On 22/05/12 17:17, Russell Coker wrote:
On Tue, 22 May 2012, James Harper<james.harper@bendigoit.com.au> wrote:
vg's 0, 1, and 2 are on different sets of spindles to give higher IOPS. The problem is that the 4 snapshots need to be created atomically or else I'm going to get my database and transaction logs out of sync as there could be a few ms between the snapshot of lv2 and lv3.
If a database is designed correctly shouldn't it be possible to be consistent even if the snapshots are at different times?
The purpose of the log is that logged transactions can be replayed if they didn't get to the main data store. So if you snapshot the database filesystem and then snapshot the log a bit later then the DB server should just replay the newer transactions and everything should be fine - according to my knowledge of databases.
Am I wrong in my understanding of databases?

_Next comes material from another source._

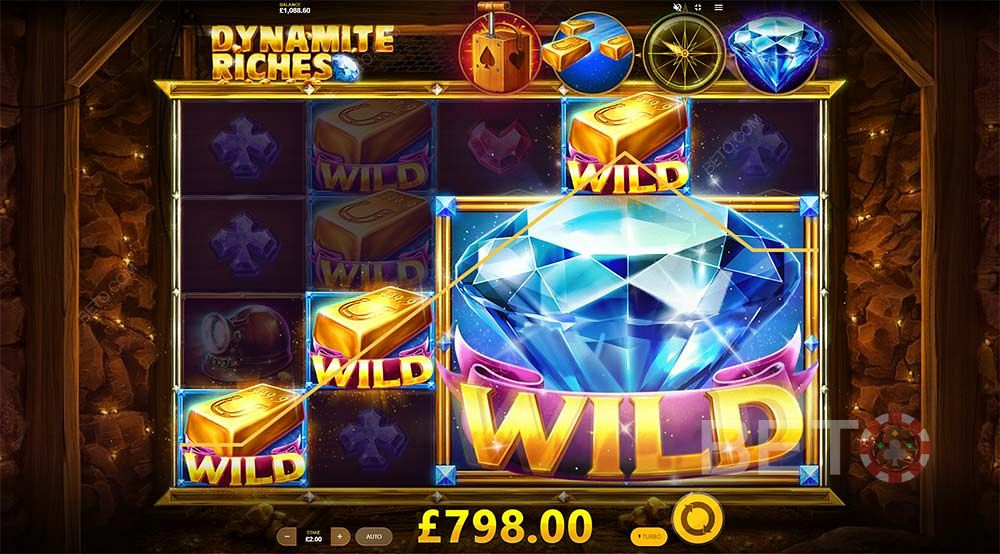 انتظر الانفجار الذي يتسبب في ملء بكراتك برموز جامحة في Dynamite Riches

I think you're missing a bit of the understanding of how they work, but the end result is the same -- if you capture the main datastore and enough surrounding logs, then you're usually OK.. In case you're interested about how PostgreSQL (and to a lesser degreee, SQLite) work with logs.. Keep in mind that your database needs to maintain quite a few sets of the *same* info. ie. If a user has started a transaction and is working on some data, but another user has come along and changed that data in a separate transaction. Firstly, you need to keep uncommitted changes to data around without committing it to the primary data store. Then once it's committed, you still can't write over the old data until every other transaction looking at it has finished too. Thirdly, databases were written with spinning disks in mind, which suck at random write i/o. So they tend to write everything out to log files, sequentially, then write it to the main datastore in the background as time allows. So, the "log" files are actually quite important -- they contain data that may *not be allowed (yet)* to be written to the main store.
FWIW I have my MySQL VMs setup with a /mysql filesystem that contains database files under /mysql/db and logs under /mysql/log.

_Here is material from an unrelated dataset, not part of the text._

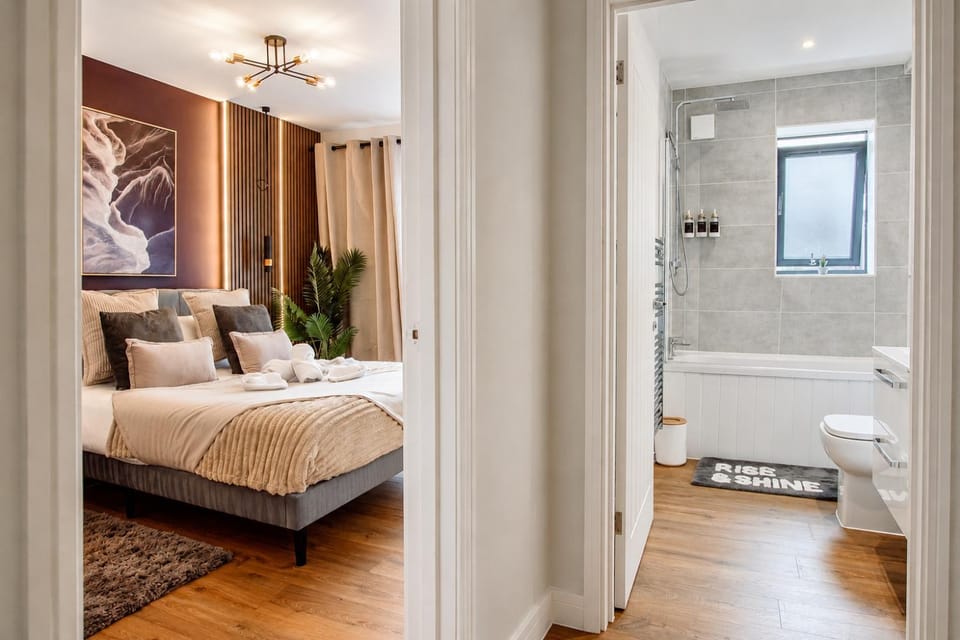 Bed, Bathroom, Bedroom, Bath, towels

It's generally claimed that the benefits of having a separate filesystem for the database log at the low end involve different RAID levels. For high end databases I've seen an Oracle document about how to tune different ZFS filesystems for different parts of an Oracle database. But both those cases probably aren't great options for a VM.
Indeed -- as mentioned above, the logs are all sequential writes, whereas the data store is random writes. (Both then feature random and sequential reads, but the logs are usually still in your file system cache so it doesn't matter for them)